- _Work item_:
The line containing "Twee bruggen over" and each line after it, through the final line of the data, are to be retyped exactly, with pictures left out.

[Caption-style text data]
********************

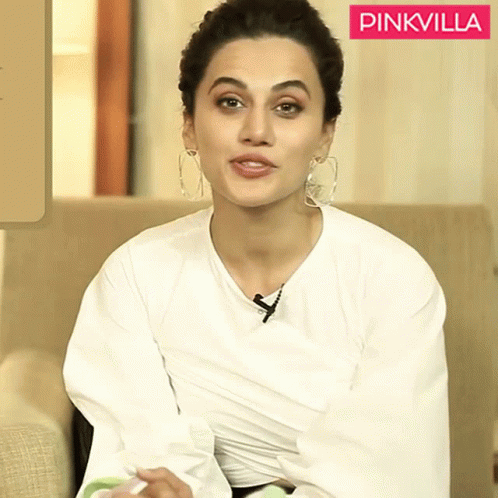 A Woman Wearing A White Shirt And Hoop Earrings Sits In Front Of A Pinkvilla Logo GIF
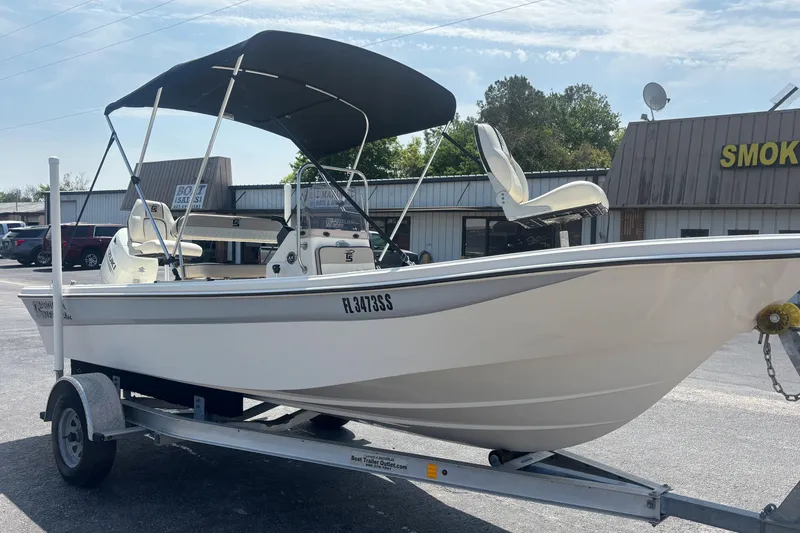 Slide: The Image of 2020 Carolina Skiff 192 JLS boat on trailer with canopy in parking lot. - 7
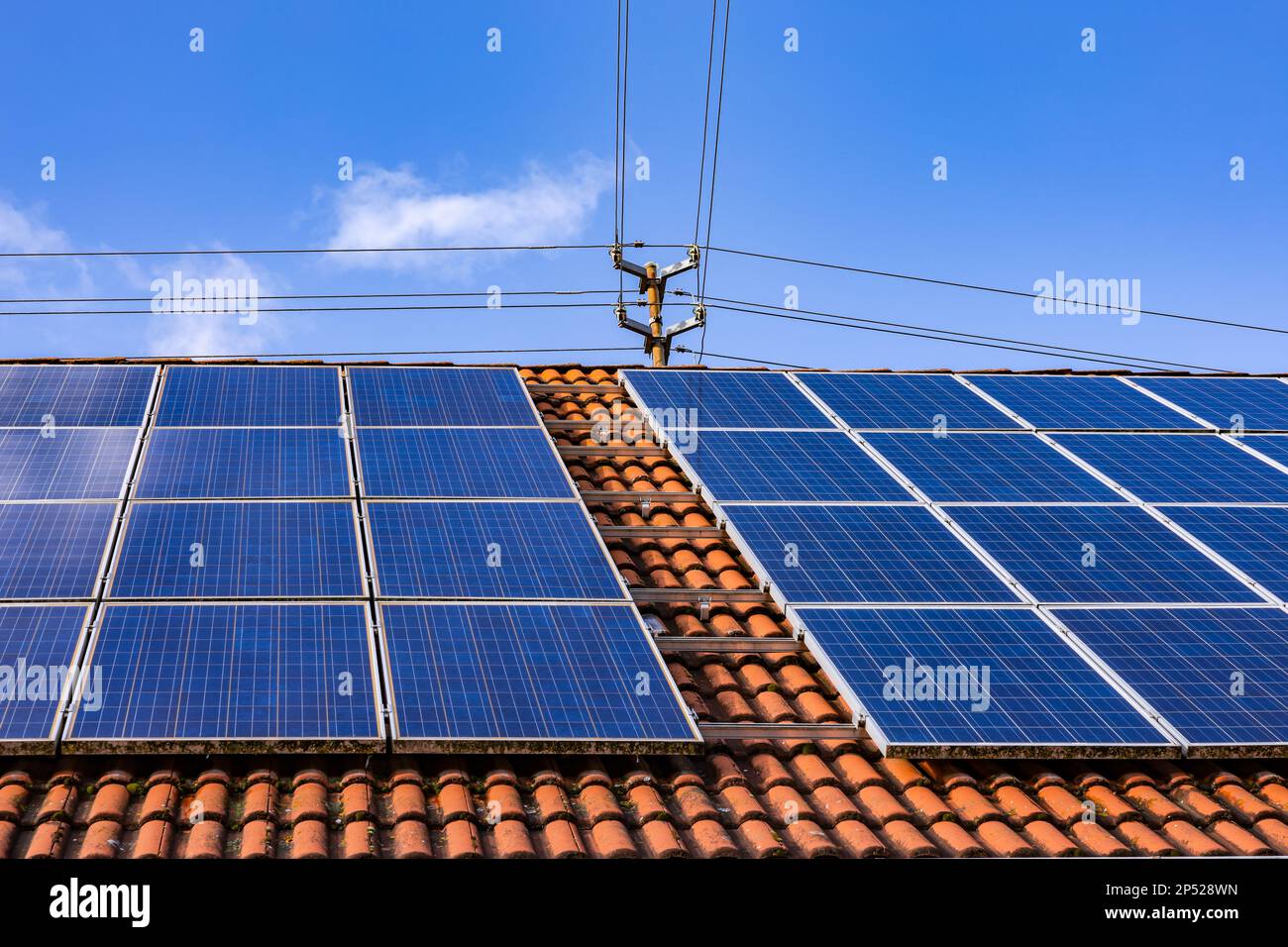 Solanpanels einer Photovoltaik-Anlage auf einem privaten Dach mit Strommast und Stromkabeln Stockfoto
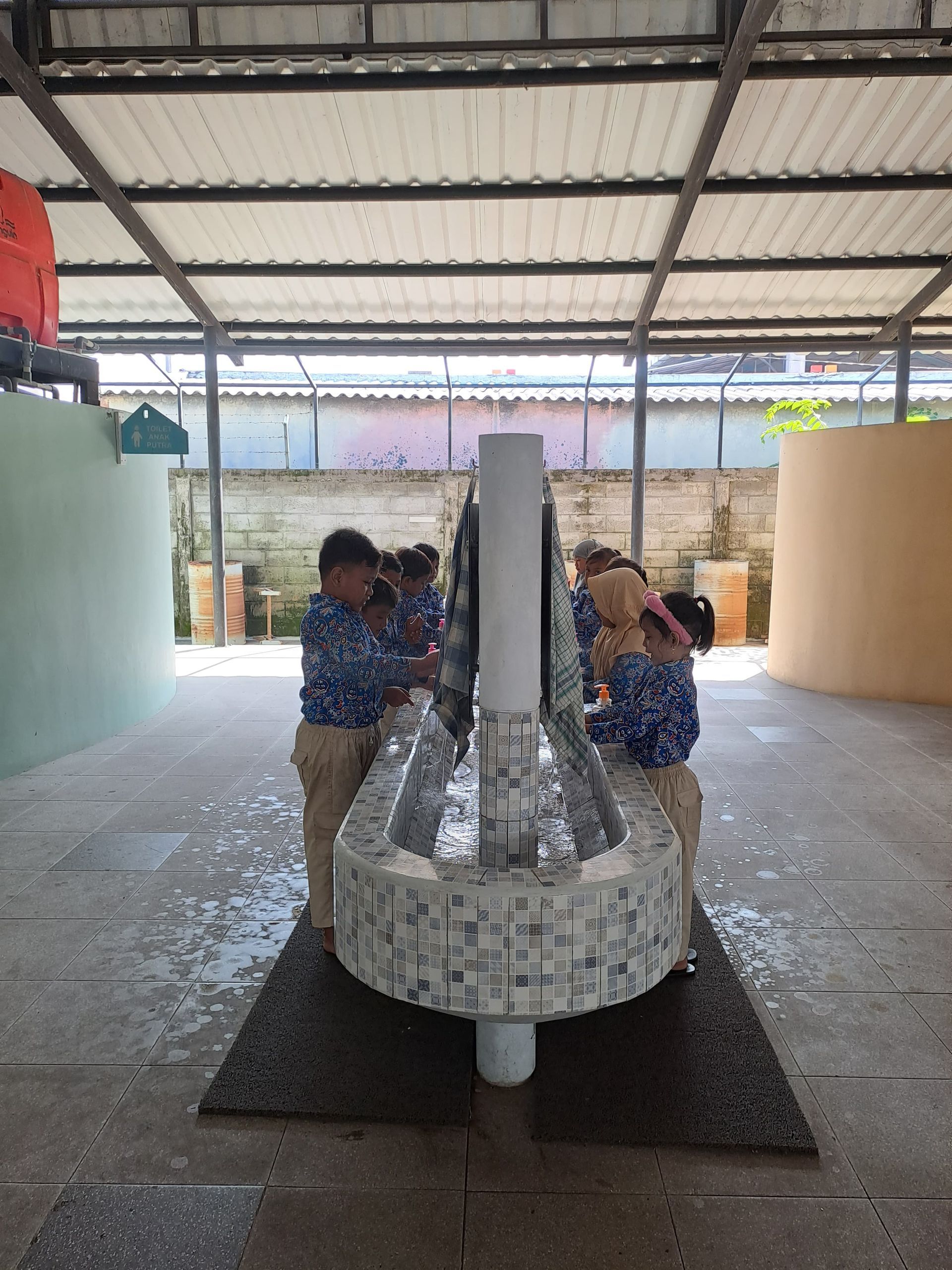 A group of children are washing their hands in a sink.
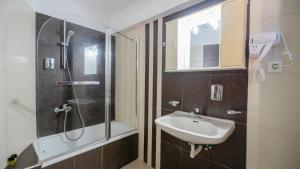 a bathroom with a sink and a shower at Toti Boutique Rooms in Kalabaka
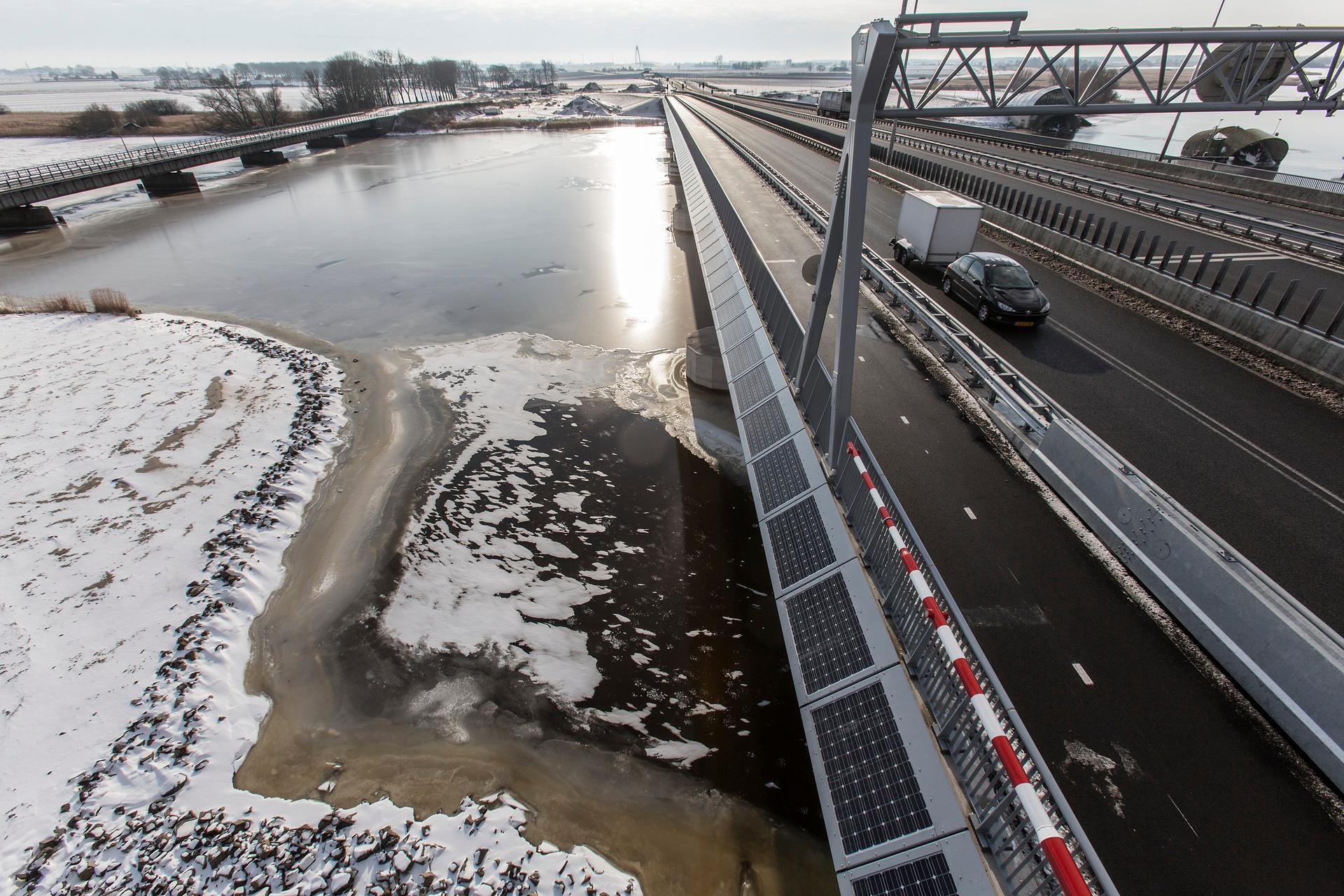 Twee bruggen over een rivier in een winterlandschap.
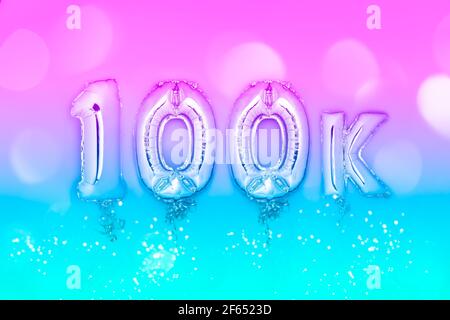 Silberne Zahl Ballons 100K Stockfoto
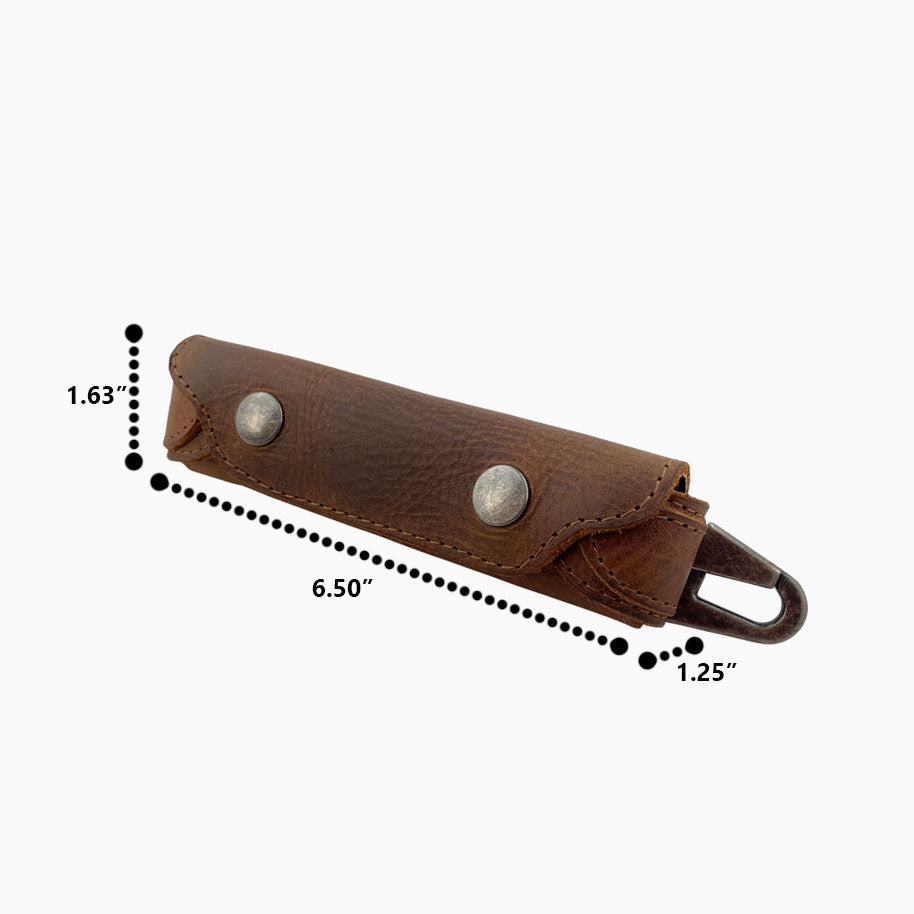 Dimensions of Hide & Drink’s Harmonica Case, showing its compact size ideal for travel. Made from durable full grain leather, this vintage style protector is a must-have for musicians. Crafted artisanally in La Antigua Guatemala, ensuring quality through small batch production.
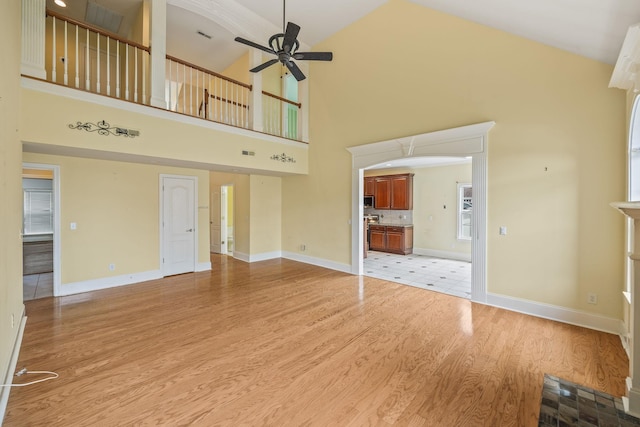 unfurnished living room with high vaulted ceiling, baseboards, a ceiling fan, and light wood-style flooring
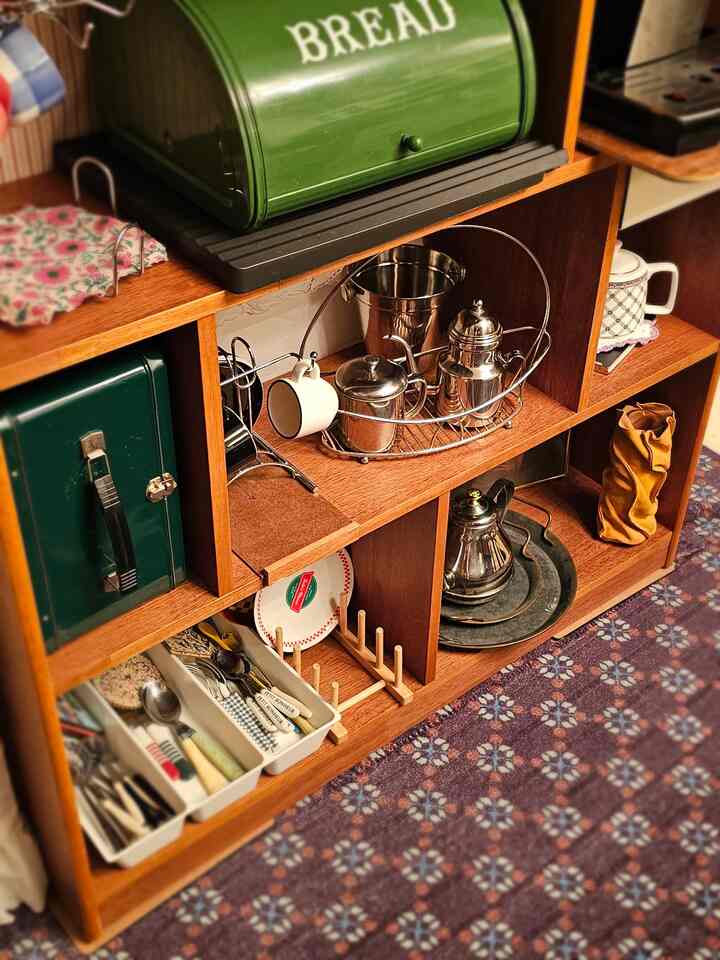 温かみのある木目調の本棚にヴィンテージのキッチン用品が配置されたおうちカフェ、紫色の柄付きラグが敷かれた印象的な空間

********************

- _Exercise response_:
 Twee bruggen over een rivier in een winterlandschap.
 Silberne Zahl Ballons 100K Stockfoto
 Dimensions of Hide & Drink’s Harmonica Case, showing its compact size ideal for travel. Made from durable full grain leather, this vintage style protector is a must-have for musicians. Crafted artisanally in La Antigua Guatemala, ensuring quality through small batch production.
 unfurnished living room with high vaulted ceiling, baseboards, a ceiling fan, and light wood-style flooring
 温かみのある木目調の本棚にヴィンテージのキッチン用品が配置されたおうちカフェ、紫色の柄付きラグが敷かれた印象的な空間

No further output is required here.